Gary Gaspard: Gaspard is originally from Haiti and moved to Evanston in 1982. Although he didn’t have the correct high school qualifications for college, he read and taught himself GED, and was accepted into Northeastern Illinois University. He currently teaches social work research and social welfare policy at Northwestern and works with high school students at Youth Outreach Services. Throughout his career, he has been focused on serving his fellow community members and keeping students engaged. During his campaign, he has concentrated on issues such as gun violence, community relations with the police, and keeping Evanston diverse. If elected, he hopes to lead and empower youth in the community.

            “Many issues start at the local level,” Gaspard said. “Young people are so powerful if they put their minds to it and exercise their rights, they can create change in their community.”

Mark Tendam: Tendam has experience working as the 6th ward alderman and as a member of city council. He has a degree in graphic design and developed many key communication skills from his work in that field. Tendam has also contributed lots of time and effort to the HIV/AIDS organization in Evanston. He worked to battle obstacles such as discrimination, affordable housing, substance abuse and unemployment. During his campaign, he has focused on issues such as creating rewarding jobs for citizens, keeping Evanston a desirable destination, police reform and improving the relationship between the city and Northwestern. Tendam has also concentrated on creating dialogue and discussion on key issues such as race, affordability, inclusion, and equitability.

“We tend to live our lives in our respective bubbles,” Tendam said. “The biggest task going forward is creating relationships and partnerships and work together to solve issues.”

Jeff Smith: Smith is from Chicago and graduated from Harvard Law. He served as an attorney for the City of Chicago and worked as general counsel for Illinois Department of Natural Resources. He has a wide range of experience in government, as well as at the community level. Smith has spent time working with many citizens to solve issues and question authority. He has lived in Evanston for the last 40 years, has put two kids through the public school system; he knows the city very well. During his campaign, he has focused on issues such as affordability, environment, economic development and improving the CTA system. He also has concentrated on police regulation and gun violence.

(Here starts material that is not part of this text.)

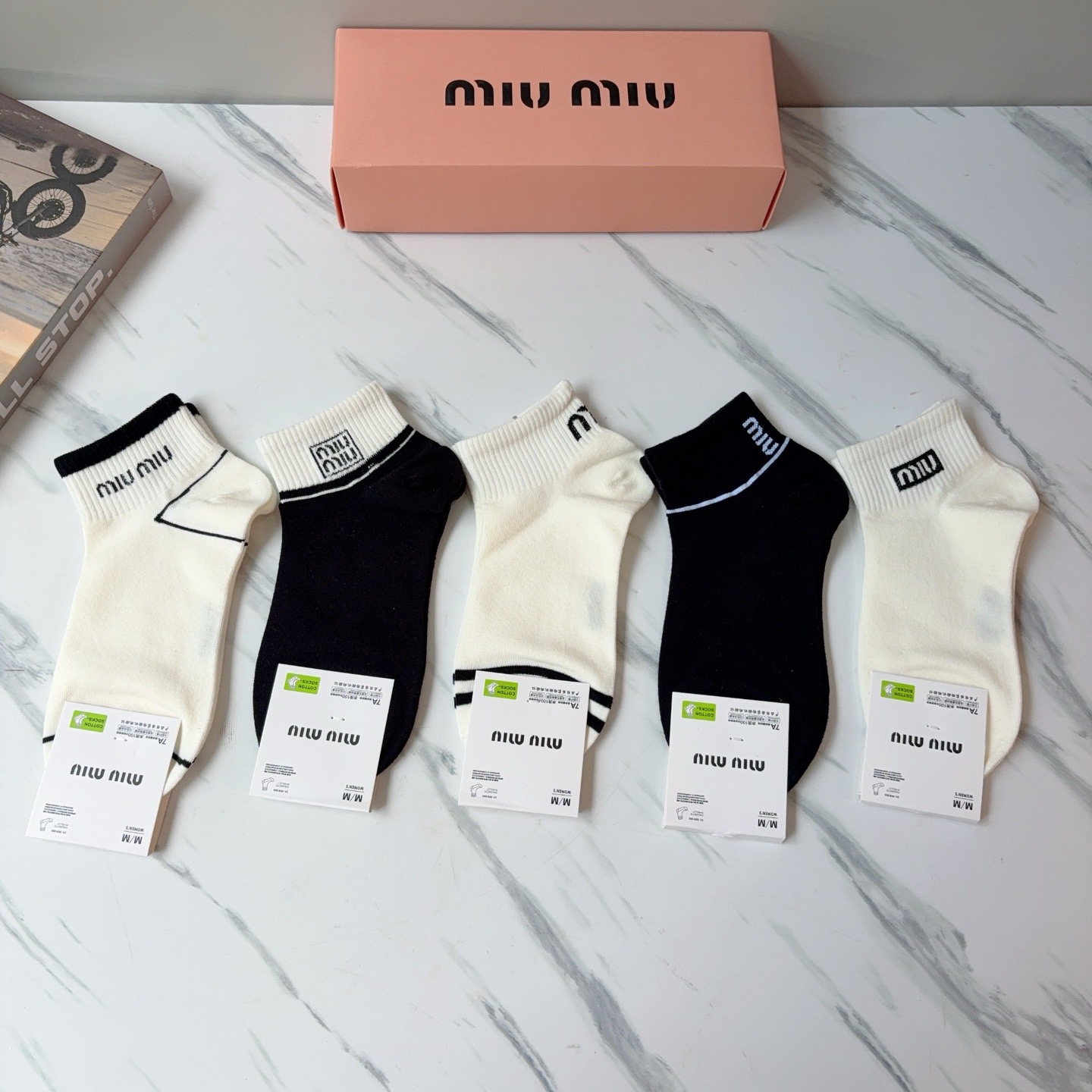 配包装【一盒5双】miumiu · 缪缪 高品质🔥超级爆款网红短筒袜子❗️ins明星网红推荐❗️火爆至极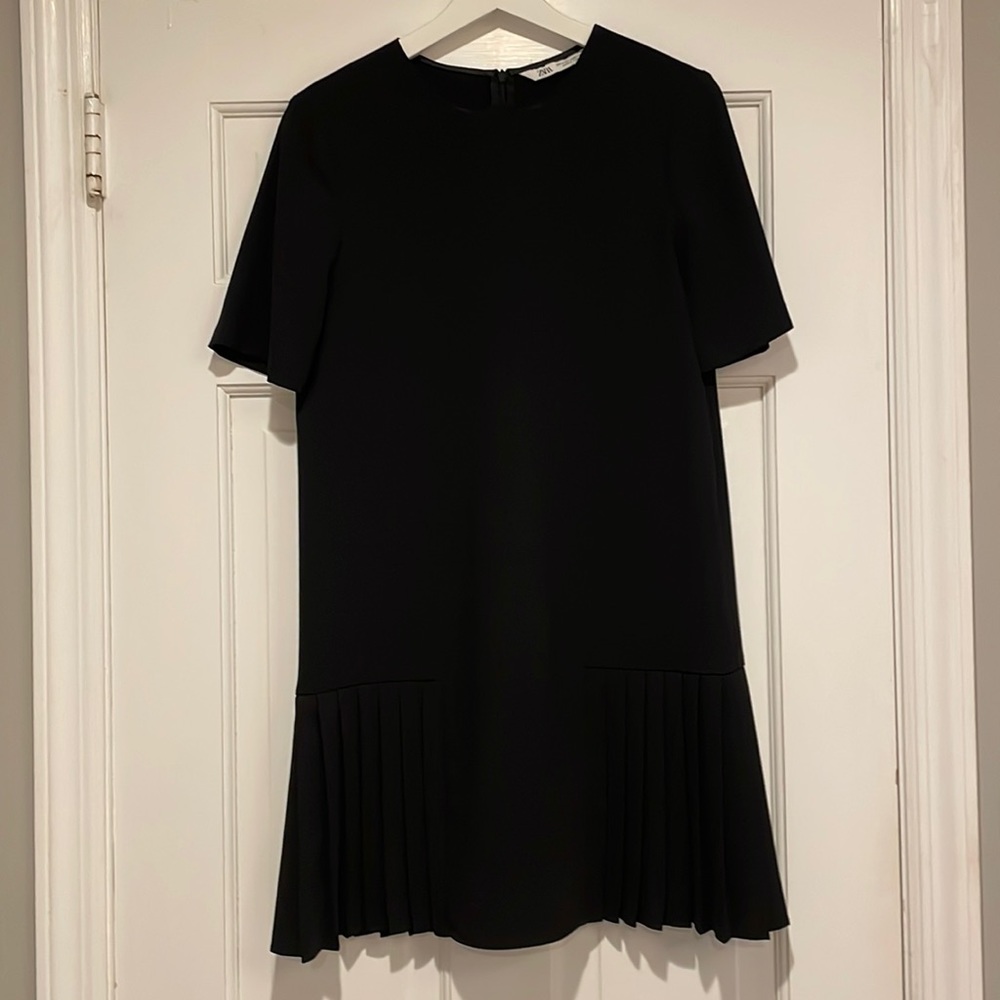 Zara shift dress with pleats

“I believe that there is a connection between the constant state of war and violence in our cities,” Smith said. “It’s hard for adults to preach to our youth if what they see is not what they hear.

According to Mic News, local elections matter because they have considerable influence on many crucial issues. Local government has control on matters such as policing and parameters on law enforcement, education and environment. Elected officials also represent and advocate for their community to state and federal government.

            “Local issues are what directly affect the daily lives of citizens,” sophomore Phoebe Liccardo said.

            Although most students won’t be voting in this upcoming election, there is still value in staying informed. Everyday, people interact with local government decisions more than they realize. Policies such as the Sanctuary City Proclamation, which protects many undocumented ETHS students, and the Youth Employment Program, which offers over 600 jobs, have impact on many students.

            “Students need to pay attention because it is our community too,” Liccardo said. “Even if we all can’t vote, we all still have a say.

            There are many opportunities for students to express their concerns, especially in Evanston. Reaching out to local government, volunteering for one of the many nonprofit organizations or participating in marches and activism, such as the student walk out, are just some ways that students can make their voices heard.

Although the majority of students are under 18, those who are older can exercise their rights by voting. Early voting is open 9 to 5 p.m. and closes this Sunday. If students missed their chance they can vote this Tuesday, from 6 a.m. to 7 p.m.